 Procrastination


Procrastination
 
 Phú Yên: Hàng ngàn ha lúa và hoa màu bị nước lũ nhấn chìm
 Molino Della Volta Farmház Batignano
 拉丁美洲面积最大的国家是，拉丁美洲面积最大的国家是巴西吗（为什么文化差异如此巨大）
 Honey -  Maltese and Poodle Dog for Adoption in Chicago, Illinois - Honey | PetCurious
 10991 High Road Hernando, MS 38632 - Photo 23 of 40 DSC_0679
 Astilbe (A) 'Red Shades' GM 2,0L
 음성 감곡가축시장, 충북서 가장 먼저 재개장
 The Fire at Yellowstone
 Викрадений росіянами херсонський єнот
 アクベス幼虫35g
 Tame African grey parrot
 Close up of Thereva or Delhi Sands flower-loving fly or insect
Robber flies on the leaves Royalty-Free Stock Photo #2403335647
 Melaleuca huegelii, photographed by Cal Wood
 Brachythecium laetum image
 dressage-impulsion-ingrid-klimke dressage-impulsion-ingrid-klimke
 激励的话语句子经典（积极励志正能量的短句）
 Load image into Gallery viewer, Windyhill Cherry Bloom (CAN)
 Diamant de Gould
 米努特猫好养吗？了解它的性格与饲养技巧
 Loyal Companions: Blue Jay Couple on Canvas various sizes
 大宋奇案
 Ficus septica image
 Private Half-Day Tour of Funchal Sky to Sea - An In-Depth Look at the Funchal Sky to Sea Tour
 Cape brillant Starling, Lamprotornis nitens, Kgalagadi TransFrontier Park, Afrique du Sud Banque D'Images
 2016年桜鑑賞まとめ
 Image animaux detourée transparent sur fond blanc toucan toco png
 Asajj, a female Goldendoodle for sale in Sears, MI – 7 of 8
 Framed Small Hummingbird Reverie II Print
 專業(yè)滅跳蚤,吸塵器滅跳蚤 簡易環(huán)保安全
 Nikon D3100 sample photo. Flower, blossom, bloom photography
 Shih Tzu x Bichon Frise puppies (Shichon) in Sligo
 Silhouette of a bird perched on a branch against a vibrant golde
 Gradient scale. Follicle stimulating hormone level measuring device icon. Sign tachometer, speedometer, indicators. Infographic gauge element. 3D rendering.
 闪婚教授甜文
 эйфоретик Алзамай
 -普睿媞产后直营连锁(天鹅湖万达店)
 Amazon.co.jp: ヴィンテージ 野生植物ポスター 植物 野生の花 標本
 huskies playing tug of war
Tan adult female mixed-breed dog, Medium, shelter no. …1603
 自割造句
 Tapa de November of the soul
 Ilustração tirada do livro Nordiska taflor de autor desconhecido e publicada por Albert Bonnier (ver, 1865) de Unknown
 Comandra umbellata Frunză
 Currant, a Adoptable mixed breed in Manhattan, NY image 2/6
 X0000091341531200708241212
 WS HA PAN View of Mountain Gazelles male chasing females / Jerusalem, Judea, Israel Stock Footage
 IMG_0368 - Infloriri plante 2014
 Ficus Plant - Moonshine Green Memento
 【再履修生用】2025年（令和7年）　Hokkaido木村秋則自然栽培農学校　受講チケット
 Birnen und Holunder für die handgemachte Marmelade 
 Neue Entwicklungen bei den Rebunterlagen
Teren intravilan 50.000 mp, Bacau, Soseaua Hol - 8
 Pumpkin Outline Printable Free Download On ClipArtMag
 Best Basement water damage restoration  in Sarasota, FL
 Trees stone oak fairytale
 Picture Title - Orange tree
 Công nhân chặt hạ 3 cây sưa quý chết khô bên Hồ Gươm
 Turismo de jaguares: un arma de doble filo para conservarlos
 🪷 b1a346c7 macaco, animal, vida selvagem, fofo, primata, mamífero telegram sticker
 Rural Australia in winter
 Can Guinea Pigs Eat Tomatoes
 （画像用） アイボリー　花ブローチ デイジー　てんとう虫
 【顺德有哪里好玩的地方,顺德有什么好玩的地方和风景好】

Exercise
Your output must be the exact lines from the one containing "Silhouette of a" through the end of the data above, both included, and nothing more.

Answer space
 Silhouette of a bird perched on a branch against a vibrant golde
 Gradient scale. Follicle stimulating hormone level measuring device icon. Sign tachometer, speedometer, indicators. Infographic gauge element. 3D rendering.
 闪婚教授甜文
 эйфоретик Алзамай
 -普睿媞产后直营连锁(天鹅湖万达店)
 Amazon.co.jp: ヴィンテージ 野生植物ポスター 植物 野生の花 標本
 huskies playing tug of war
Tan adult female mixed-breed dog, Medium, shelter no. …1603
 自割造句
 Tapa de November of the soul
 Ilustração tirada do livro Nordiska taflor de autor desconhecido e publicada por Albert Bonnier (ver, 1865) de Unknown
 Comandra umbellata Frunză
 Currant, a Adoptable mixed breed in Manhattan, NY image 2/6
 X0000091341531200708241212
 WS HA PAN View of Mountain Gazelles male chasing females / Jerusalem, Judea, Israel Stock Footage
 IMG_0368 - Infloriri plante 2014
 Ficus Plant - Moonshine Green Memento
 【再履修生用】2025年（令和7年）　Hokkaido木村秋則自然栽培農学校　受講チケット
 Birnen und Holunder für die handgemachte Marmelade 
 Neue Entwicklungen bei den Rebunterlagen
Teren intravilan 50.000 mp, Bacau, Soseaua Hol - 8
 Pumpkin Outline Printable Free Download On ClipArtMag
 Best Basement water damage restoration  in Sarasota, FL
 Trees stone oak fairytale
 Picture Title - Orange tree
 Công nhân chặt hạ 3 cây sưa quý chết khô bên Hồ Gươm
 Turismo de jaguares: un arma de doble filo para conservarlos
 🪷 b1a346c7 macaco, animal, vida selvagem, fofo, primata, mamífero telegram sticker
 Rural Australia in winter
 Can Guinea Pigs Eat Tomatoes
 （画像用） アイボリー　花ブローチ デイジー　てんとう虫
 【顺德有哪里好玩的地方,顺德有什么好玩的地方和风景好】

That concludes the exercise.